Vesel Božič in Srečno Novo Leto
(Merry Christmas and Successful New Year - Slovenian)

I am somewhat of a language freak, and I can write (not speak) Merry Christmas in at least 15 languages. Icelandic is wanting. So rranveig . . .

Does "Gleđileg jól" exactly mean Merry Christmas?
And is Icelandic the actual name of the language you speak?
June_Ontario
Rosemont, ON
(Zone 4a)

December 29, 2006
1:23 AM

Post #3032206

rannveig, is the Icelandic word "jol" from the same root as the Old English "yule" - meaning the ancient winter solstice celebration? Do you have a Yule Log at Christmas? Instead of burning a Yule Log, my English mother used to bake a sponge cake shaped like a log, cover it with spiky chocolate icing (like bark), sprinkle it with sugar (like snow), and stick a sprig of plastic holly on top.
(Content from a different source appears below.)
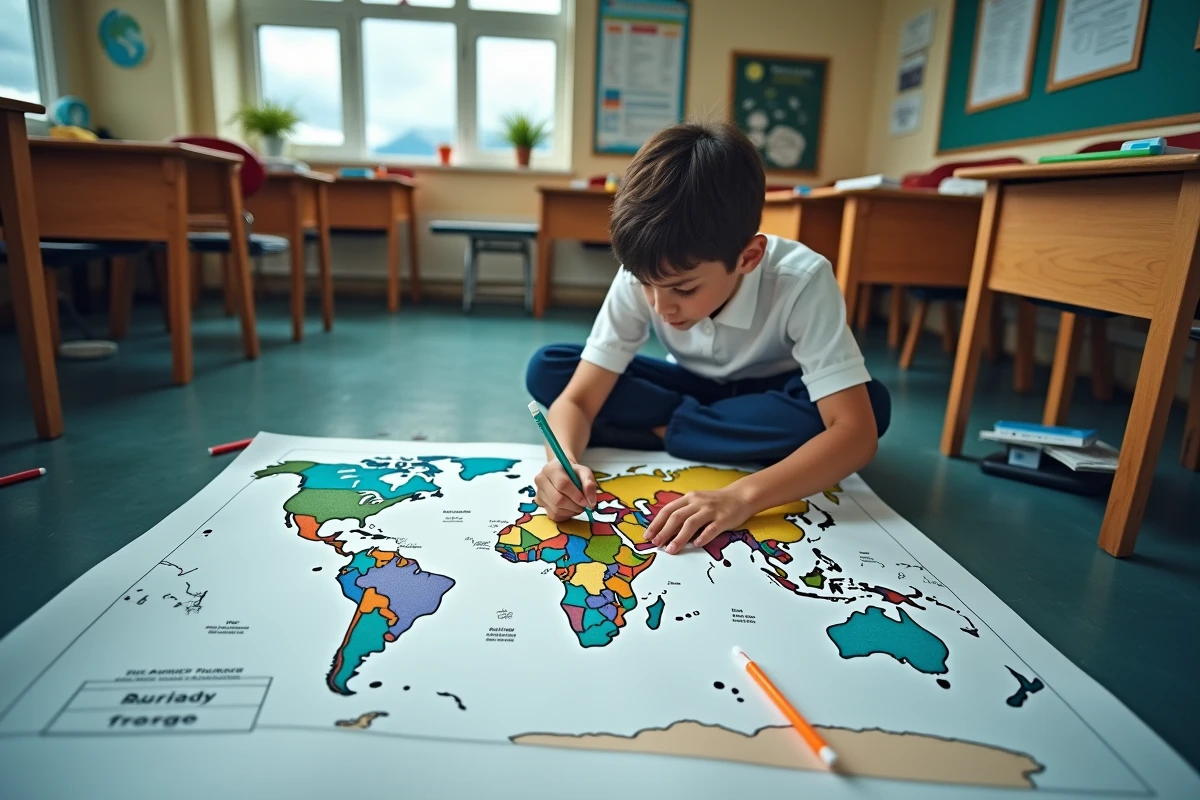 Élève en classe dessinant des continents sur un fond de carte du monde vierge posé sur le sol avec des marqueurs colorés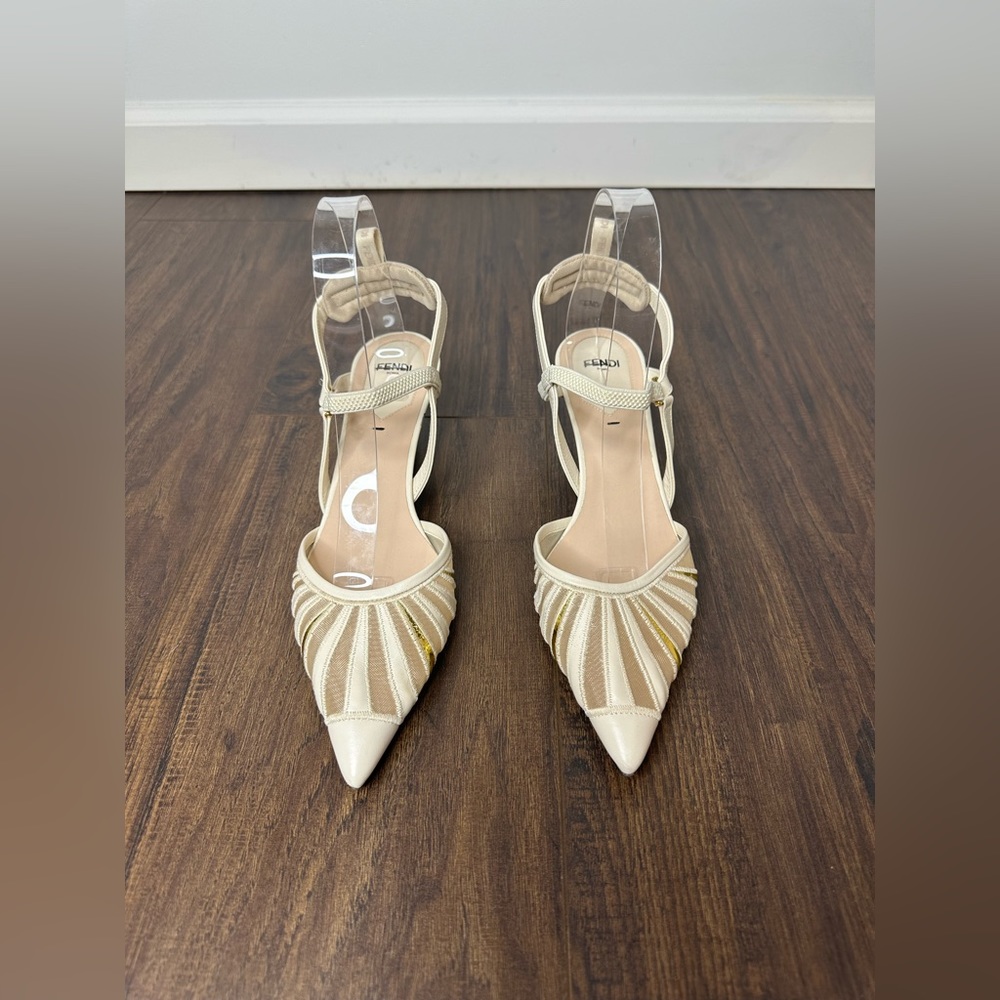 Fendi Leather And Mesh High-heeled Slingbacks In Blanc - Picture 2 of 15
A strange custom, but it tasted better than fruit cake.
grampapa
Wheatfield, NY
(Zone 6a)

December 30, 2006
3:11 AM

Post #3035329

I'm a tad late catching up with you all. Hope everyone is enjoying their holidays. I'd like to wish everyone health and much happiness in the New Year! for a small group, this certainly is an international one :0)

June, I've always wanted to make one of those Yule log cakes.

P*E*A*C*E

gram
greenjay
Centennial, CO
(Zone 5b)

January 1, 2007
3:18 AM

Post #3040718

Pear tart and ice wine are a fair substitute at Yule.
June_Ontario
Rosemont, ON
(Zone 4a)

January 1, 2007
12:23 PM

Post #3041153

Mmm...sounds lovely, greenjay. And much healthier than cake.
rannveig

(Zone 5a)

January 1, 2007
4:20 PM

Post #3041886

Leftwood - yes Gleđileg jól means Merry Christmas (or happy Christmas...) and a Happy New Year is Gleđilegt nýtt ár!!! Hope you all have a wonderful, prosperous year ahead! :-)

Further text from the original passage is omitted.